Could you transcribe every record below exactly, leaving out the pictures?

# Material supplied
%%

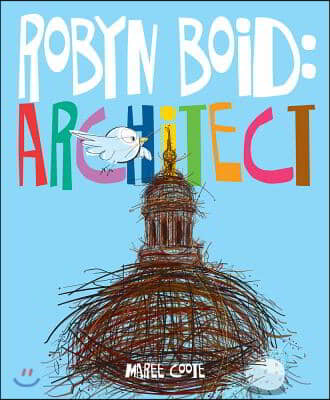 Robyn Boid : architect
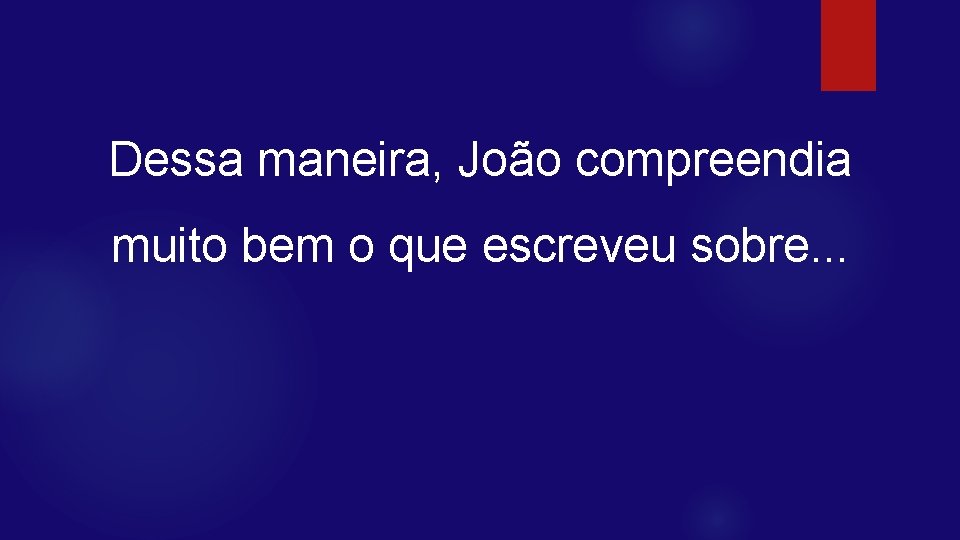 Dessa maneira, João compreendia muito bem o que escreveu sobre. . . 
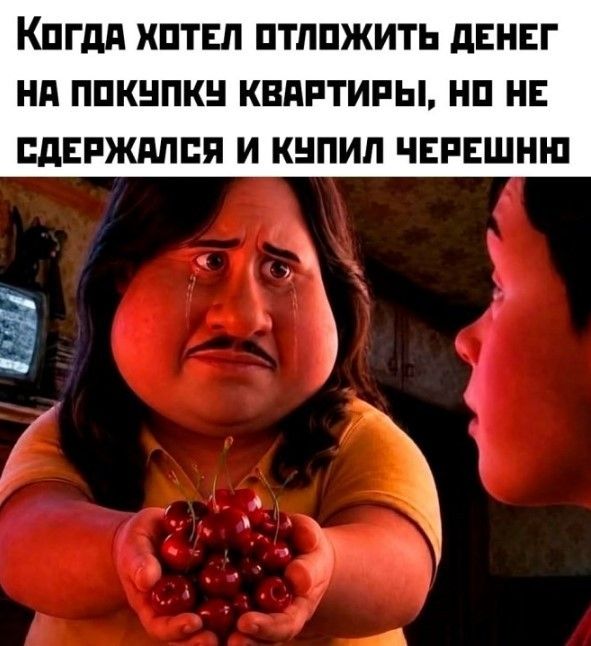 Когда хотел отложить денег на покупку квартиры, но не сдержался и купил черешню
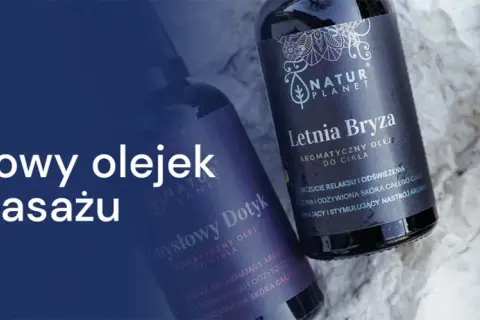Jak zrobić olejek do masażu? DIY przepisy i bezpieczne porady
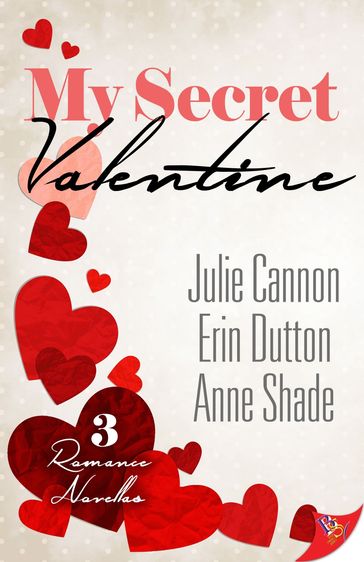 My Secret Valentine - Julie Cannon - Erin Dutton - Anne Shade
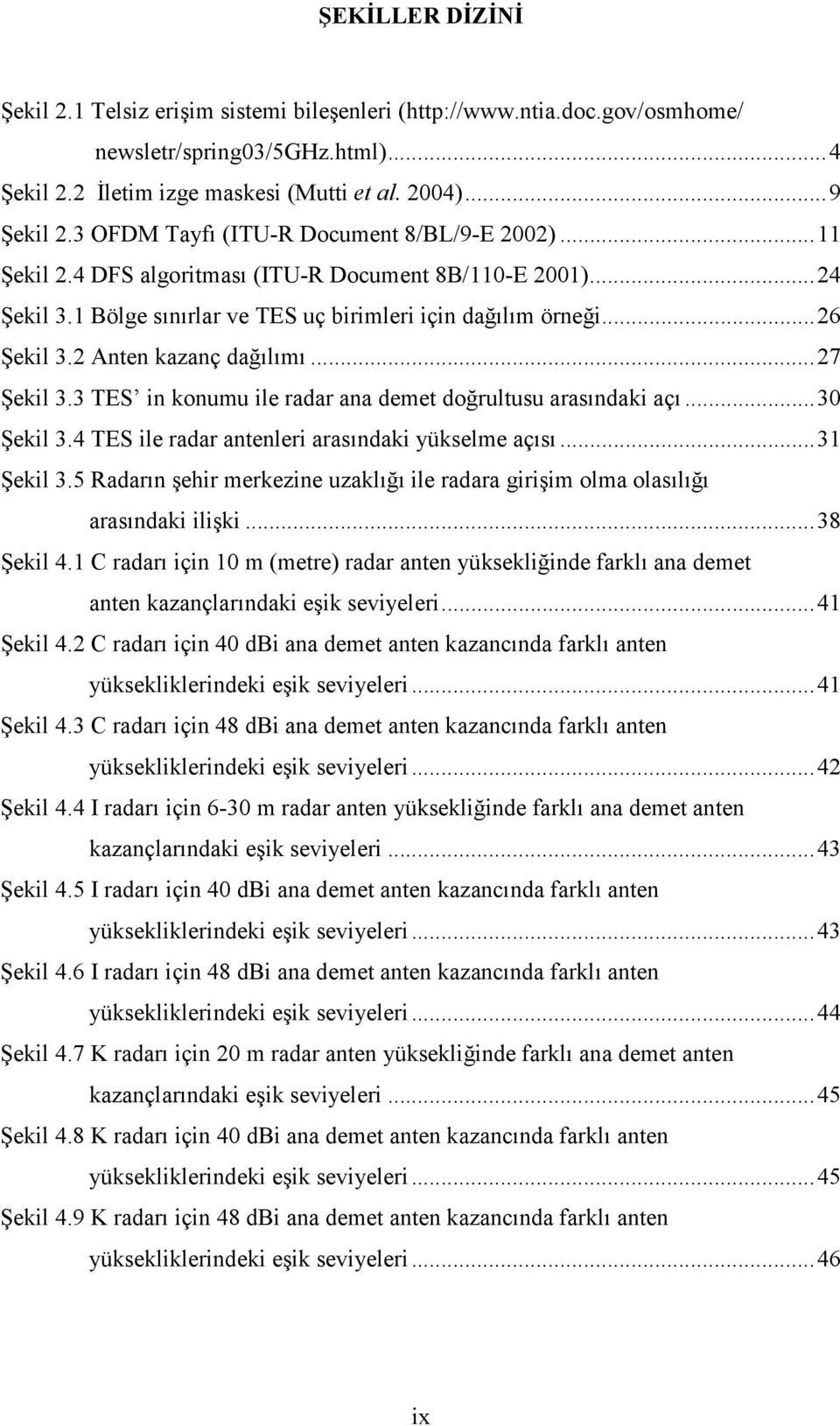 2 Anten kazanç dağılımı... 27 Şekil 3.3 TES in konumu ile radar ana demet doğrultusu arasındaki açı... 30 Şekil 3.4 TES ile radar antenleri arasındaki yükselme açısı... 31 Şekil 3.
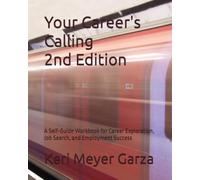 Your Career's Calling 2nd Edition: A Self-Guide Workbook for Career Exploration, Job Search, and Employment Success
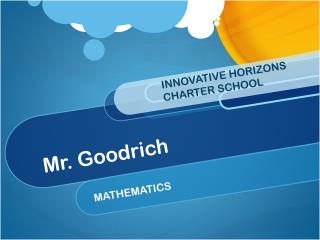 Mr. Goodrich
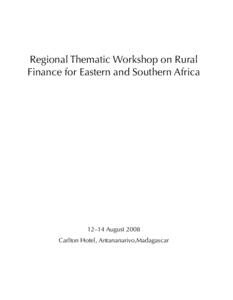 Regional Thematic Workshop on Rural Finance for Eastern and Southern Africa 12–14 August 2008 Carlton Hotel, Antananarivo,Madagascar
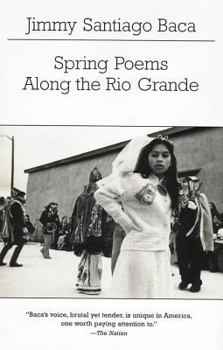 Paperback Spring Poems Along the Rio Grande Book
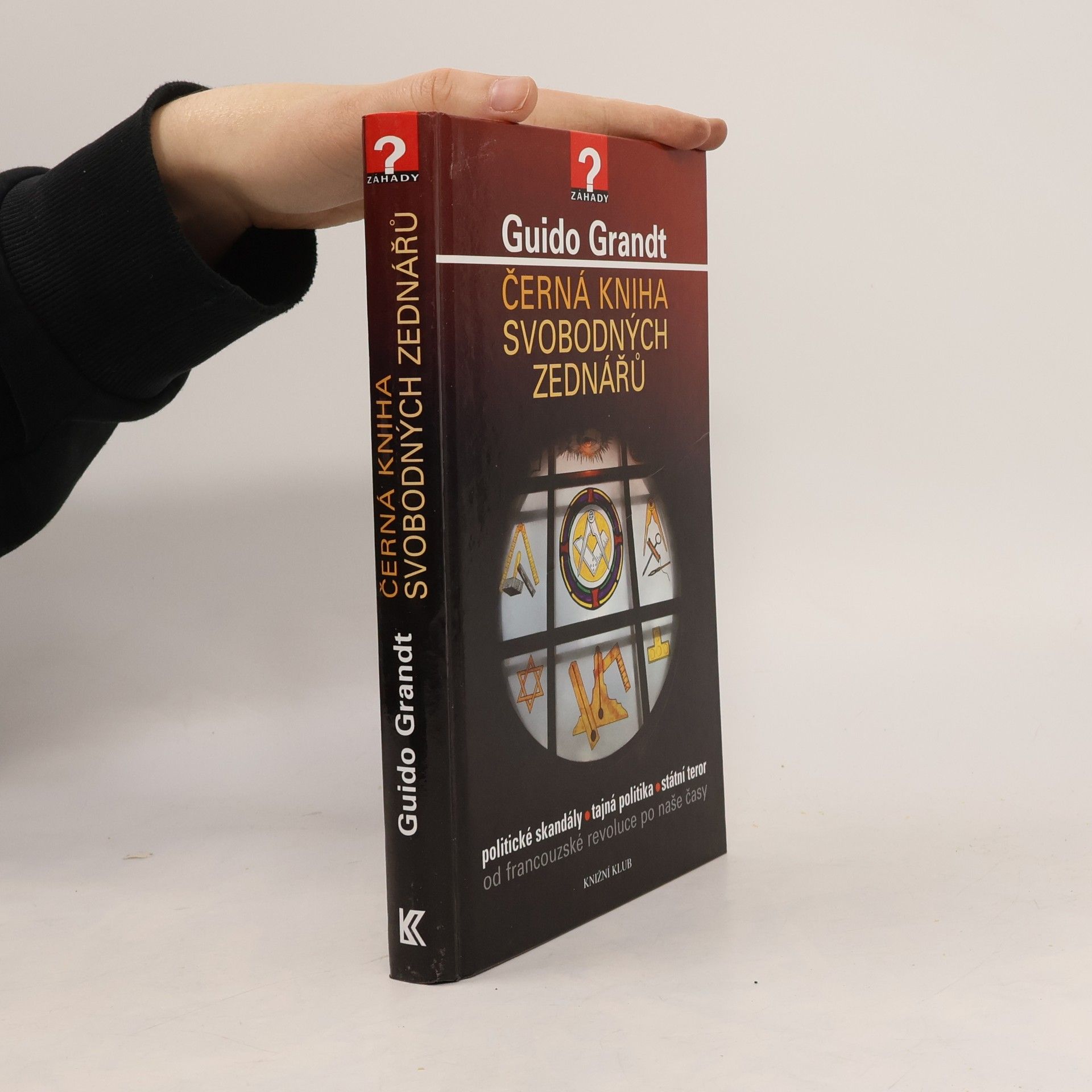 Černá kniha svobodných zednářů. Politické skandály, tajná politika, státní teror od francouzské revoluce po naše časy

%%

# Task answer
 Robyn Boid : architect
 Dessa maneira, João compreendia muito bem o que escreveu sobre. . . 
 Когда хотел отложить денег на покупку квартиры, но не сдержался и купил черешню
Jak zrobić olejek do masażu? DIY przepisy i bezpieczne porady
 My Secret Valentine - Julie Cannon - Erin Dutton - Anne Shade
 2 Anten kazanç dağılımı... 27 Şekil 3.3 TES in konumu ile radar ana demet doğrultusu arasındaki açı... 30 Şekil 3.4 TES ile radar antenleri arasındaki yükselme açısı... 31 Şekil 3.
 Your Career's Calling 2nd Edition: A Self-Guide Workbook for Career Exploration, Job Search, and Employment Success
 Mr. Goodrich
 Regional Thematic Workshop on Rural Finance for Eastern and Southern Africa 12–14 August 2008 Carlton Hotel, Antananarivo,Madagascar
 Paperback Spring Poems Along the Rio Grande Book
 Černá kniha svobodných zednářů. Politické skandály, tajná politika, státní teror od francouzské revoluce po naše časy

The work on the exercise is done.